Bob Kealing and I installed a marker on the lot at Peter’s Creek at the same spot where Lynyrd Skynyrd crafted most of their iconic Southern Rock hits.

A group of residents, however, said the sign violated the homeowner’s association rules. The threatening letter ordered us to take the sign down.

Just when we didn’t think it couldn’t get any worse for the legacy of the greatest band I’ve ever known, the next day we learned guitarist Gary Rossington, the last of the founding member of the iconic band, had died.

I can only think some bullies from Edgewater Landing must be happy.

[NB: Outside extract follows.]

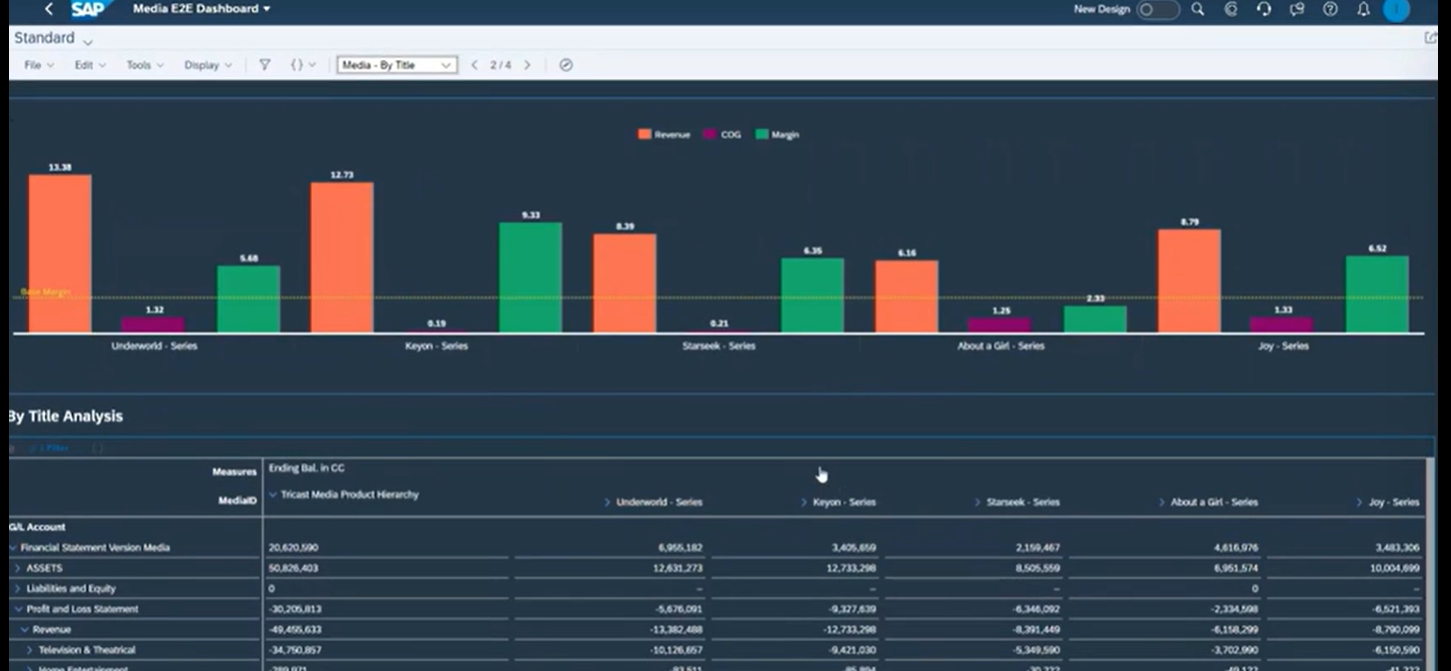 コンテンツパフォーマンスと収益性のリアルタイムレポート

Bob and I were careful to place the sign near the shore of Peter’s Creek. One of the complaints from residents was they didn’t want strangers driving through their neighborhood. That’s fair.

Oddly enough, most of the streets in the development were associated with Lynyrd Skynyrd, like Fred Bird Loop, Tuesday Cove and Noble Court. For those who aren’t entrenched in Lynyrd Skynyrd history – I’ve been at 63 of the band’s concerts, and all at different venues – Noble refers to the band’s original name, The Noble Five. That’s when the band consisted of Ronnie Van Zant, Garry Rossington, Allen Collins, Larry Junstrom and Bob Burns.

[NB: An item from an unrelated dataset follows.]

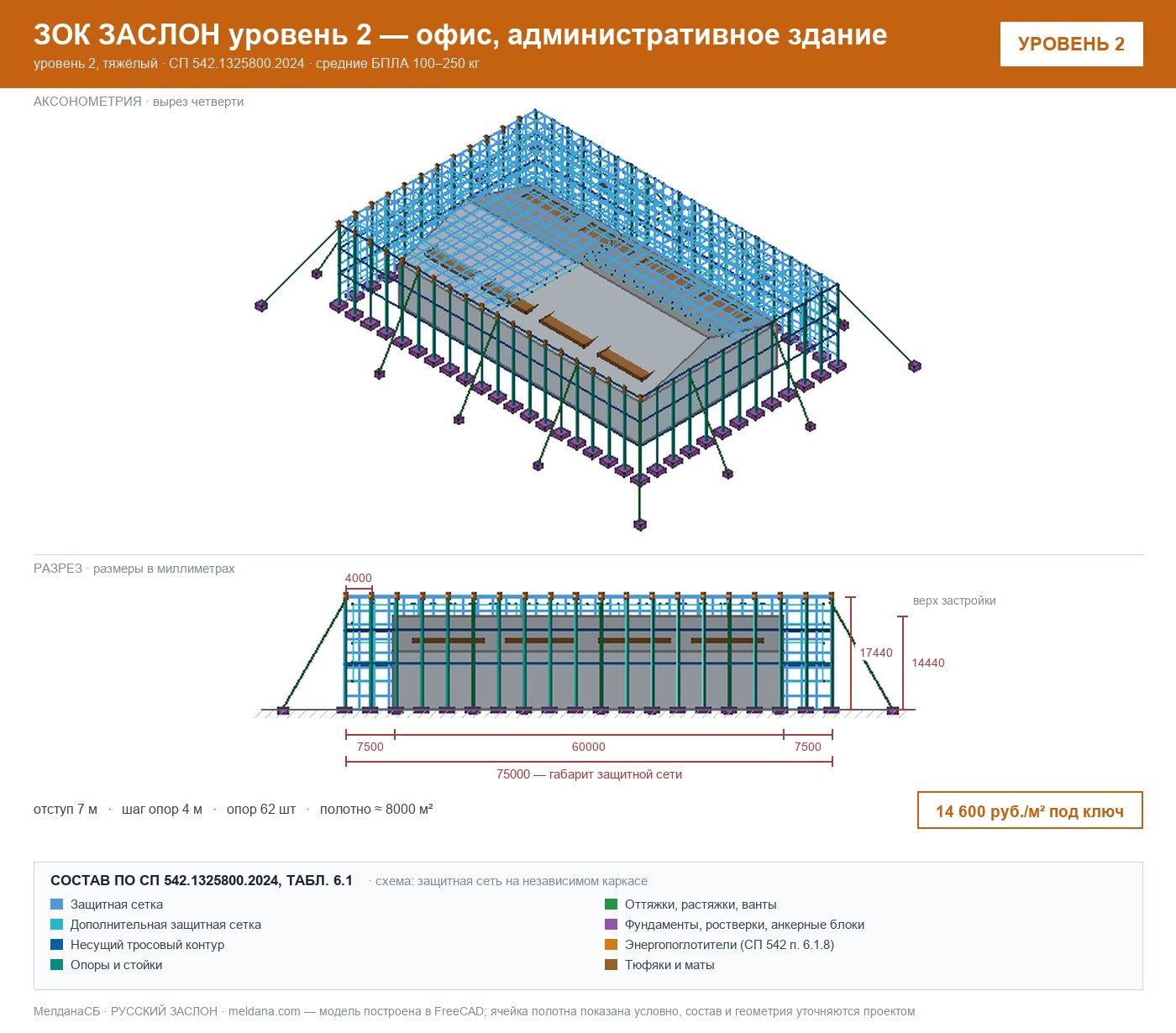 ЗОК ЗАСЛОН уровень 2 — офис, административное здание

We were careful to place the sign at the creek, which is accessible to the public. The sign also faces the creek, not the subdivision. No matter what the residents of Edgewater Landing believe, they don’t own the creek.

I remember Jax Raceways near Jacksonville International Airport. It opened in 1948. Houses started popping up 40 years later in the area, and residents were quick to complain about the noise. Although they moved near a speedway that was there long before them, they argued loud enough and long enough the track eventually closed in 2004.

The same can be said about people who buy houses near an airport, then complain about the noise.

Hell House was rocking more than 40 years before the first house was built off County Road 209. No matter how many hot tubs or golf carts are in the gated community, progress will never pave over the legacy of the piece of land where “Free Bird,” “Simple Man” and “Sweet Home Alabama” were written. We were careful to honor the work and legacy of wonderfully gifted musicians. We did not create a tourist stop. The sign can’t be seen from the street. It can only be seen from the creek, which Edgewater Landing doesn’t control.

We tried to respect the privacy of the subdivision’s residents. We never encouraged anyone to drive through their community. Apparently, that wasn’t good enough.

Many of us are ready for a fight. That’s what Ronnie Van Zant would have done. Never underestimate the resolve of the Skynyrd Nation.

But the ultimate decision will come from the owner of the lot. Adam Hartle’s nonprofit foundation bought it to preserve history. At 43, he died unexpectedly of a heart attack four months ago. Now a lawyer wants to torment a grieving widow and her family. Shameful.

When I moved from St. Johns County, I rented a condominium for a year while I searched for a house to buy. I considered Edgewater Landing. I’m glad I decided to buy elsewhere. Who wants a pompous neighbor anyway?